My second idea was to use the path lifting property to lift the left edge, but I couldn't extend it to a lift of an open neighbourhood of the left edge.

Edit: Some more detail on my first attempt:

Suppose I have two open squares $U_1$ and $U_2$ in $X$ (containing the left edge) with nonempty intersection, and that have preimages $\coprod_i U_{1,i}$ and $\coprod_j U_{2,j}$ with each piece of that mapping homeomorphically onto $U_1$ and $U_2$ respectively.

Suppose I've chosen a specific $U_{1,i}$, and I want to choose a specific $U_{2,j}$ so that their union maps homeomorphically to $U_1$ union $U_2$. Such a choice can be specified by a point in the chosen $U_{1,i}$ that maps into $U_2$, but for each such point, there could be a different choice of $j$.

My intution tells me that to make this choice, one needs to appeal to the bad local nature of the left edge of $X$, (so that you're certain to get some of the vertical lines inside of the desired open set) but I'm not sure how to proceed with that.

I believe that I found an answer to my problem.

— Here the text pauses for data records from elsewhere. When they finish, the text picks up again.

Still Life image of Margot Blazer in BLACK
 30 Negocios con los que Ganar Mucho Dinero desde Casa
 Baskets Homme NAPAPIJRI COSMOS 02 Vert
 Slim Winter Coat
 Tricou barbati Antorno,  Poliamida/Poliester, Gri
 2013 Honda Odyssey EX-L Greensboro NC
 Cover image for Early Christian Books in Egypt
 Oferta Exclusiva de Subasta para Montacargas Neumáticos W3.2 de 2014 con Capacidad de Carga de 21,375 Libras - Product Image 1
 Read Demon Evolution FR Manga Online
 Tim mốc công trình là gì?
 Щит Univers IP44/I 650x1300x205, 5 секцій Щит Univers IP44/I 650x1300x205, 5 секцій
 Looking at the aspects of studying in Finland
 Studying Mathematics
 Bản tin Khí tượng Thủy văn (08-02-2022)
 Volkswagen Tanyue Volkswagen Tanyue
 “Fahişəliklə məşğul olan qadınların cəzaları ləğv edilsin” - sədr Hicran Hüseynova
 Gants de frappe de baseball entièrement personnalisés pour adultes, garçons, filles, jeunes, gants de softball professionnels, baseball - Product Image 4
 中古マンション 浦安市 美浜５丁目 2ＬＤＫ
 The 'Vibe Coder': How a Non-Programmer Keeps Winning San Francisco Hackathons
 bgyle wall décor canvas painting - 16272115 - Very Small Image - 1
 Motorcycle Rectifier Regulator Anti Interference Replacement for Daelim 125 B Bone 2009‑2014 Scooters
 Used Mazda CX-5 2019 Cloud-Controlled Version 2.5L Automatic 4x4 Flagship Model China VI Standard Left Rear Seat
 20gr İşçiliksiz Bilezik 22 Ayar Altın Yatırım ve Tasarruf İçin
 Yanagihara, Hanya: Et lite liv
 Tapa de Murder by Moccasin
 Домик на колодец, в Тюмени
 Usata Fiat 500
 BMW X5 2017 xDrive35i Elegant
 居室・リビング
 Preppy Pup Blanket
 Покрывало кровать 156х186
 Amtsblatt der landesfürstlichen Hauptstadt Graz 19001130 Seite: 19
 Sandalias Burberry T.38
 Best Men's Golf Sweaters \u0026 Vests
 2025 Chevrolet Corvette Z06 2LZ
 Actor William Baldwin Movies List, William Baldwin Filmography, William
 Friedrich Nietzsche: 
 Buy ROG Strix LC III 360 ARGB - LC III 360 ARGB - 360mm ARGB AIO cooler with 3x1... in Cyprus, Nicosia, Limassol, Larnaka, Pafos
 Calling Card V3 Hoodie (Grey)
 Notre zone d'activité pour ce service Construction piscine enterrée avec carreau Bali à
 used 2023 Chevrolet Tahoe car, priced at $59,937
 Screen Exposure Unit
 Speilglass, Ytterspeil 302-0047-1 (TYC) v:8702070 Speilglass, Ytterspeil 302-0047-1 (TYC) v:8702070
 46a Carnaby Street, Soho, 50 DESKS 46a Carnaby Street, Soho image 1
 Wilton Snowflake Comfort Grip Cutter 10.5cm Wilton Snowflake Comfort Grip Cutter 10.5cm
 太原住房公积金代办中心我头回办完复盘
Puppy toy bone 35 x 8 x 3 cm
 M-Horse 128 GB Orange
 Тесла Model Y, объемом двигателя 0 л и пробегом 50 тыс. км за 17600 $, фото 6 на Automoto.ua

The earlier approach of playing with open covers didn't pan out because I couldn't extend local injectivity of $p$ on a bunch of open sets to injectivity on their union.

But I found the following theorem, which solves the problem quite neatly. I found it in [1], along with a sketch proof. (But I'll prove it fully):

Theorem: Let $E$ be any space and $F$ be a metric space. Let $K\subset E$ be compact, $f:E\to F$ be continuous, locally injective near every point $p\in K$, and (globally) injective on $K$. Then $f$ is also injective on some open neighbourhood $N$ of $K$.

Proof: Let $g:E\times E\to \mathbb{R}$ be the function defined by $g(x,x')=d(f(x),f(x'))$. Around each point of the form $(k,k)\in K\times K$, there is an open product neighbourhood $V_k \times V_k$ such that $(V_k\times V_k)\cap g^{-1}(0) \subset \{ (x,x)\in E\times E \}$ (by local injectivity). Let $V=\cup_k \left(V_k\times V_k\right)$. Then the compact set $K\times K$ is contained in the open set $g^{-1}(0)^c \cup V$. By the generalized tube lemma, there are open sets $W,W'$ of $E$ so that $K\times K\subset W\times W'\subset g^{-1}(0)^c \cup V$. Then let $N=W\cap W'$. $\square$

Applying this theorem to $p:\tilde{X} \to X$, with $K$ being a lift of the left edge of $X$, gives an open neighbourhood of that lift which maps homeomorphically to an open neighbourhood of the left edge of $X$. Then we use the bad local nature of $X$ to find a loop in $X$ which lifts to a loop in $\tilde{X}$ which is not contractible. (Compactness is used again to find an open set which contains the entirety of a vertical line)

[1] Wagner,M., "Existence of schlicht integral manifolds for ordinary differential equations", Archiv der Mathematik, Volume 61, Number 6, 529-542 (1993)